Today, Jessica and I rode the 1602 bus out to Pinglin. This is something that we’ve been trying to do for a long long time. Since we first got here. It was really fun. We found a cool stairway that led up to a gold statue of Guanyin (Kwaiyin) the famous Boddhisattva then we walked around on some roads by the river, looking for a place to swim for awhile, kind of a long while. We were initially looking for a bike rental place that we thought would help us traverse the riverside more quickly to help find a swimming hole but then we just found suitable access. There was a Taiwanese family eating lunch by the river so I had to maneuver behind some rocks to change into my suit.

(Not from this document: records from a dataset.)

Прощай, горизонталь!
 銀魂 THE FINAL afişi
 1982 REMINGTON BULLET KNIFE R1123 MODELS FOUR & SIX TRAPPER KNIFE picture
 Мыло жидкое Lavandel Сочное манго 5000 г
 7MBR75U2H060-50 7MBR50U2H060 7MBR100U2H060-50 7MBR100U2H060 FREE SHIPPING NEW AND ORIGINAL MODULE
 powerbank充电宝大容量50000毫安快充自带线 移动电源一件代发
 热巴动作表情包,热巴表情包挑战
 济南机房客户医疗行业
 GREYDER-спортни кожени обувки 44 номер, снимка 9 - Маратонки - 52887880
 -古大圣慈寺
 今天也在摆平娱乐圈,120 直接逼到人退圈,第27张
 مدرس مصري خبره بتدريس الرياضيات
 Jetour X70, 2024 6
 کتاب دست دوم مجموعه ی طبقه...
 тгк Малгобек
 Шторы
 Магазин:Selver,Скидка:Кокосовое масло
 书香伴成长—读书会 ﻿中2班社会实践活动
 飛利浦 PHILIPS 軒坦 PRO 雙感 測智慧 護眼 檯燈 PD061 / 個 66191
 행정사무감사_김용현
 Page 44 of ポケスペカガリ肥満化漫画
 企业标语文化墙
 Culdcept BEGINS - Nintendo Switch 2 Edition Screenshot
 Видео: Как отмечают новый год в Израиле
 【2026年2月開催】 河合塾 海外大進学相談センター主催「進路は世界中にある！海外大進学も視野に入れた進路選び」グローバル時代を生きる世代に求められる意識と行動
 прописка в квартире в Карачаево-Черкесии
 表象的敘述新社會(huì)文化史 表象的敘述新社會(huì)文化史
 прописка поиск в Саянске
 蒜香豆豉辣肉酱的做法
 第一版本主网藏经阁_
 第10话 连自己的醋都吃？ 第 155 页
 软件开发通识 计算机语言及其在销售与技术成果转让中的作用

But I made it into the water. It was cool refreshing river water, on a hot day. The kids from the family loved watching me frolicking on the slippery rocks. One of the kids starting singing “Sorry Sorry,” a Korean pop song to me when I got out too. Cute kids. Some of the rocks were so big that with the current I managed to sort of surf on them but then I ran into a small rapids and had to crash into a rock to keep myself from being sucked into en even stronger current. So my knee has a bit of a bruise and I have a horrible sun burn. I feel like I’m twelve again, except without the cuts on my feet from the hay fields.